======== Collected material
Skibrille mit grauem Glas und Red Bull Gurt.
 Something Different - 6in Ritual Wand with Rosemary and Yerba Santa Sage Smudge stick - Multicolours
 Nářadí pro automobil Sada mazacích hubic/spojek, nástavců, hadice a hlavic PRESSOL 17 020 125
================
* [Work task]
Everything in the material above should be output exactly.

* [Response to the task]
Skibrille mit grauem Glas und Red Bull Gurt.
 Something Different - 6in Ritual Wand with Rosemary and Yerba Santa Sage Smudge stick - Multicolours
 Nářadí pro automobil Sada mazacích hubic/spojek, nástavců, hadice a hlavic PRESSOL 17 020 125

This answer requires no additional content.